Working Off-Medium as a Visit to Other Selves

I come from a family of artists. I don't mean an "artsy" family— I mean, my dad, my mom, and both siblings were artists. Very talented artists. For years, I filled sketchbooks with ill-executed doodles. I drew musclebound action heroes with giant guns, and 80's-futuristic sports cars drawn in 3/4 view, which my lack of knowledge of perspective turned into formless, shiny blobs.

All my life, until I turned 14, I thought I'd been handed the inopportune end of the family talent stick. At 14, I picked up my first musical instrument— a Hohner PJ bass guitar. I'd found my first calling, and I've been at it ever since.
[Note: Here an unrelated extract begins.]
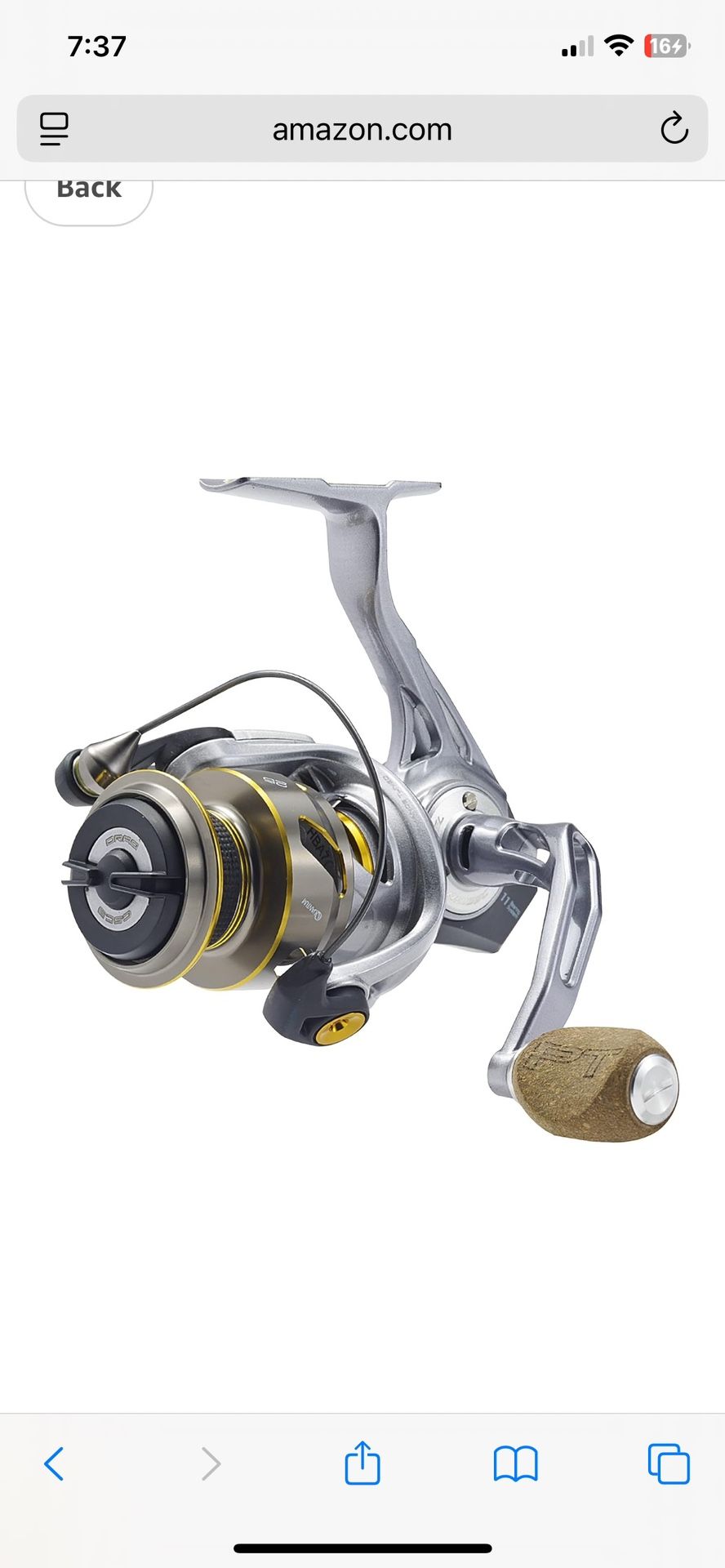 Quantum Vapor 25 PT Fishing Reel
Look at the smile on this kid:

The fact that I found something creative to be good at didn't totally quell the sting I felt from my profound lack of visual art skills. I remain resolute in my commitment to eventually developing the latent visual arts genius that is my birthright. OK, not really, but DO often wonder how my life would be different if I'd started spitting out visceral, kaleidoscopic canvases, instead of albums.

When I was 18, and had already been a musician for a few solid years, I was following my dad around the local art supply store as he picked up supplies. A set of brightly-colored watercolor crayons caught my eye, and penniless though that I was, I managed to get a set, along with a watercolor sketchbook with a black, crinkly cover. I got these new tools home, sat down with a little dish of water, and started mucking around.

I laid down some dark lines of crayon and began pushing the color around the page with wet fingers. I really took to the feeling. I was left with some sort of psychedelic octopus-like blob. I loved the little traces of color I could see, where faint amounts of paint had lingered on my fingers as I moved them across the thick, toothy paper. I wanted to accentuate them.

I took an india ink pen and began to draw outlines around the colorful forms. The generous, even lines seemed to make something more tangible out of these semi-random smooshings. I was very much in love with this process. I repeated it regularly over the course of a week, filling up the sketchbook. Then, all of a sudden my super-compressed teen attention span tripped closed, I put the crayons and the nice black watercolor book in the closet and forgot about them. I lost them in the bustle when I moved away from home, and I remember feeling a little pang of missed opportunity.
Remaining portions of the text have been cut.